La notizia dell’iPad bloccato per 49 anni che ci avete segnalato pare degna di Lercio, ma non lo è. È il frutto di quella bizzarra serie di coincidenze e stanchezza paterna nota sin dai ai tempi dei telefoni a ruota. All’epoca, si traduceva in genitori assai imbarazzati costretti a spiegare alla SIP che il loro rampollo, giocando con la ruota, aveva accidentalmente composto numeri extraurbani o esteri accumulando bollette milionare.
Oggi invece? Potete chiedere cosa accade a Evan Osnos
Il cui twitter può essere riassunto in:
Ehm… questo sembra falso, ma è il nostro iPad dopo che un bimbo di tre anni ha tentato (ripetutamente) di sbloccarlo. Qualche idea?
Effettivamente, non è una bufala.
È un messaggio di errore che può naturalmente apparire, anche se, naturalmente, nessuno si aspetta che l’utente rispetti il tempo abominevole raffigurato.
Il senso di quel messaggio è una richiesta di riformattare l’iPad prima di riusarlo.
Ma andiamo con ordine e ricominciamo dall’inizio: come tutti i dispositivi moderni, gli iPad e gli iPhone hanno un passcode, un PIN da inserire all’avvio. Con buona ragione e per un motivo evidente: evitare che i vostri dati cadano in mano ad estranei.
Perdere un cellulare o un tablet (e ricordiamo, gli iPad hanno iOS, lo stesso software degli iPhone, ben più piccoli e soggetti allo smarrimento…) è qualcosa di assurdamente facile, farselo rubare pure.
Inoltre la quantità di dati che giornalmente immagazziniamo nei nostri iPhone (quindi nei nostri iPad) è immonda, enorme e tentatrice. Senza inserire un passcode, un codice di avvio, ci basterebbe sostanzialmente andare in bagno lasciando il nostro dispositivo incustodito per avere colleghi di lavoro, parenti o conoscenti pronti a frugare nella sua memoria.
Ed allora ogni vostro segreto non sarebbe più tale: foto e video privati di voi stessi e dei vostri cari, la cronologia completa di Internet, un elenco di ogni vostra comunicazione professionale o personale finirebbero in mano a terzi, non sempre bene intenzionati nei vostri confronti.

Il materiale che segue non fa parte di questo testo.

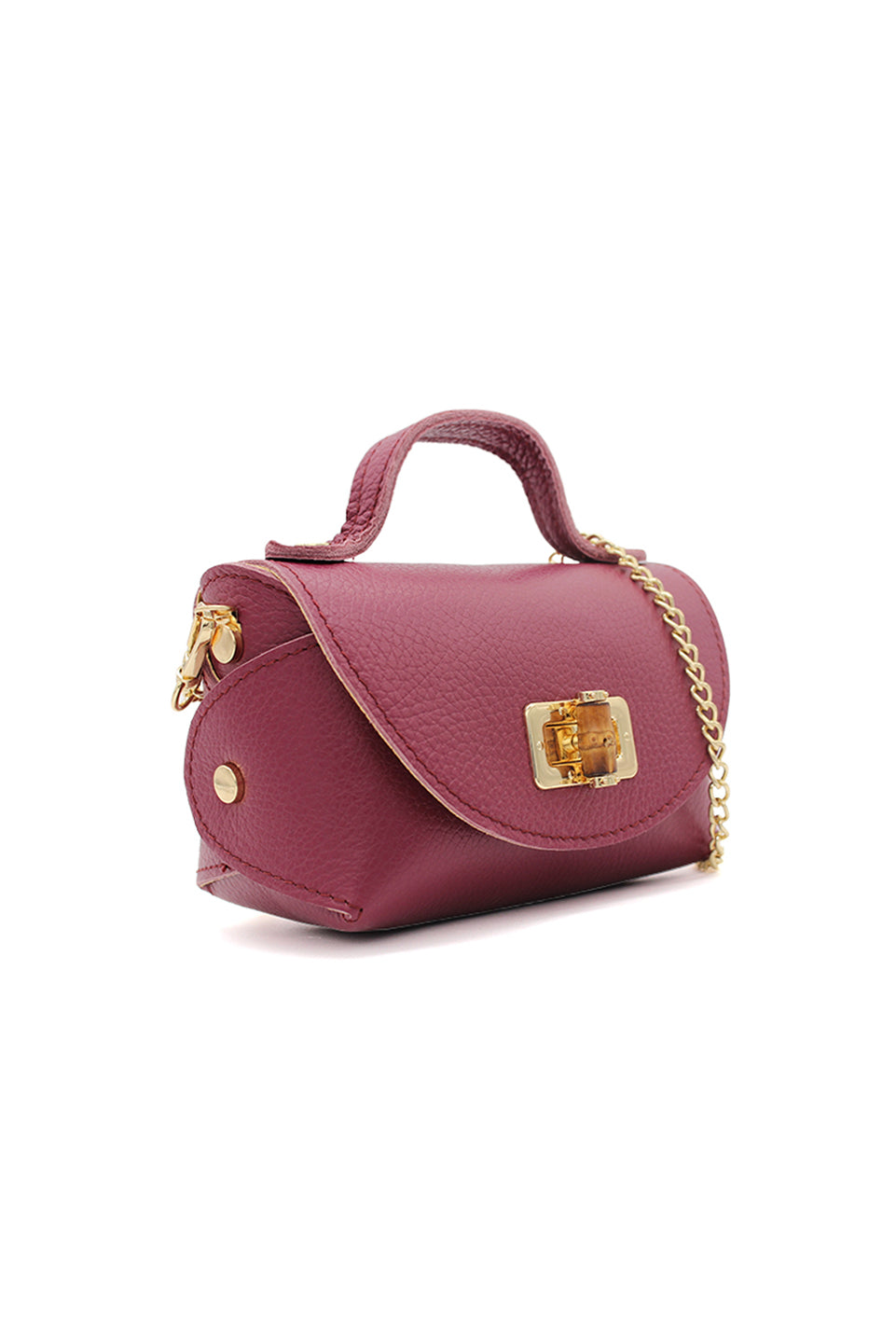 Genuine Italian Leather Crossbody Bag with Chain Strap and Twist Lock Closure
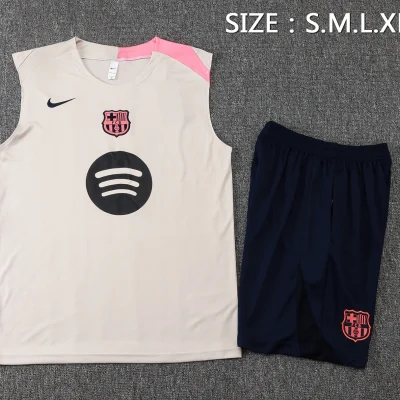 Alternative view of Barcelona Sleeveless Training Kit Beige 2025/26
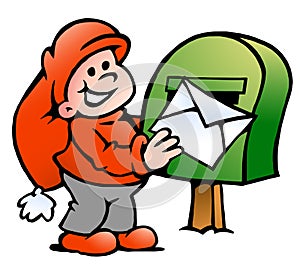 Vector Cartoon illustration of an happy Elf posting a Letter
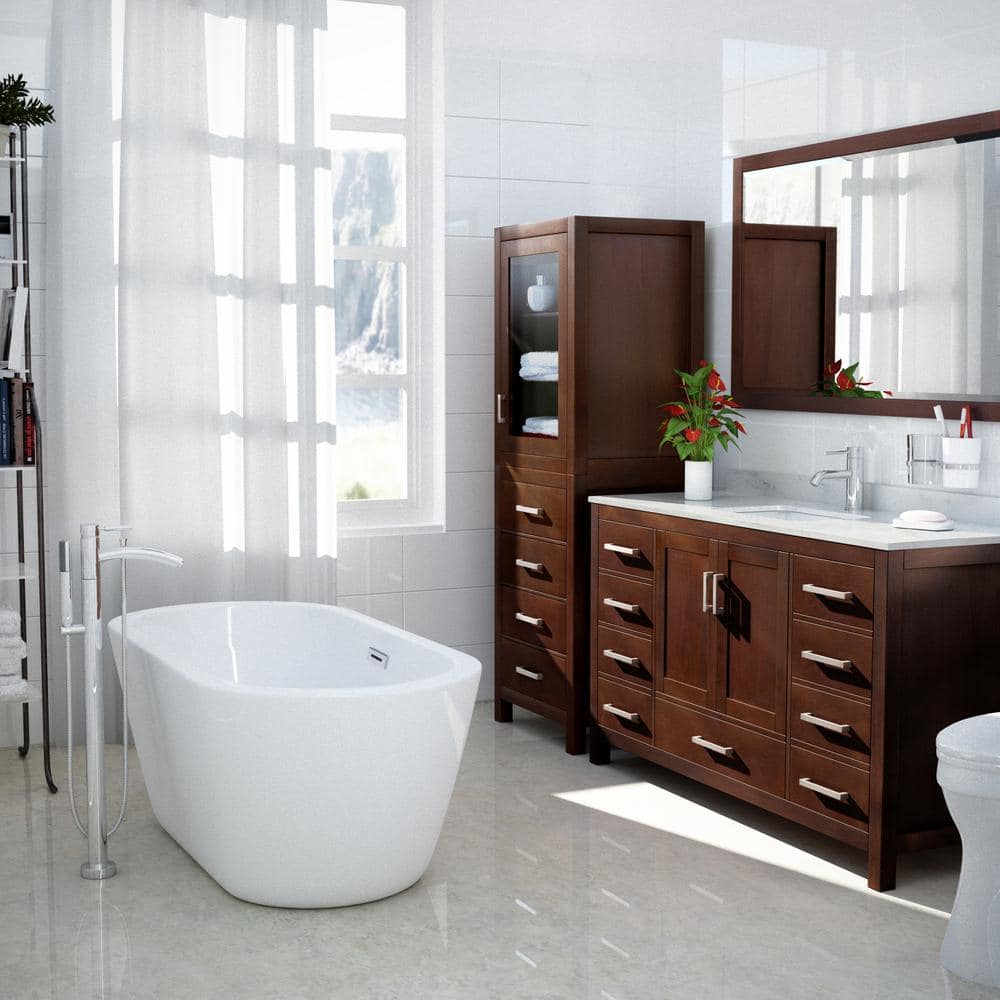 Espresso Solid Wood Freestanding Linen Cabinet with Glass Door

Apple pertanto ha inserito in iOS una semplicissima funzionalità: se sbagli il passcode più volte, ogni volta ti viene richiesto un tempo di cooldown, di attesa, maggiore per riprovarci.
Il motivo è evidente: immaginate il caso del tablet o del cellulare abbandonati sulla scrivania e del collega di lavoro invidioso che voglia accedere alle vostre email per “soffiarvi” un importante affare.
Se potesse semplicemente provare più e più volte di fila ad inserire il passcode, solitamente di quattro cifre, vi è una remota ma costante possibilità, che cresce con ogni tentativo di indovinare quel passcode.
Ma se dopo ogni tentativo il tempo di attesa tra un tentativo e l’altro cresce, questa possibilità si allontana e viene aggiunto il rischio che voi, tornando, siate immediatamente resi edotti della manipolazione e possiate quindi incolpare il vostro collega.
Esiste inoltre una funzione che riformatta automaticamente il dispositivo dopo un certo numero di tentativi (solitamente dieci), ma che è opzionale da attivare.
Non tutti la attivano quindi: ma quando un iPhone o un iPad si ritrova in mani di qualcuno che continua ad inserire passcodes errati su passcodes errati, nonostante il crescente periodo di stop tra un tentativo e l’altro, è programmato per presumere che il peggior scenario possibile si sia verificato
Qualcuno vi ha rubato il cellulare o il tablet e, non avendo nulla da perdere, sta cercando disperatamente di accedere ai preziosi dati in esso contenuti per i suoi scopi.
Quindi il software, superati i sei tentativi, dichiara di aver bloccato ogni ulteriore tentativo di sblocco per un tempo immondamente lungo, da misurarsi in decadi, portando quindi all’errore iPad bloccato per 49 anni.
La soluzione, avrete capito, non è aspettare cinquant’anni, ma riformattare il dispositivo collegandolo ad un computer dotato di iTunes, il gestore musicale Apple che funge anche da gestore dell’iPhone.
Dopo la riformattazione completa infatti si presenteranno i seguenti scenari, entrambi favorevoli per il vero proprietario del dispositivo
Ovviamente, un bambino di tre anni, che non sa niente di tutto questo, troverà divertente pigiare sui numeretti all’infinito.
Le sue azioni simuleranno così, agli “occhi del software” le azioni di un ladro intento a cercare di ottenere i dati contenuti nel dispositivo, lasciando al genitore l’unica soluzione di ricaricare l’ultimo backup.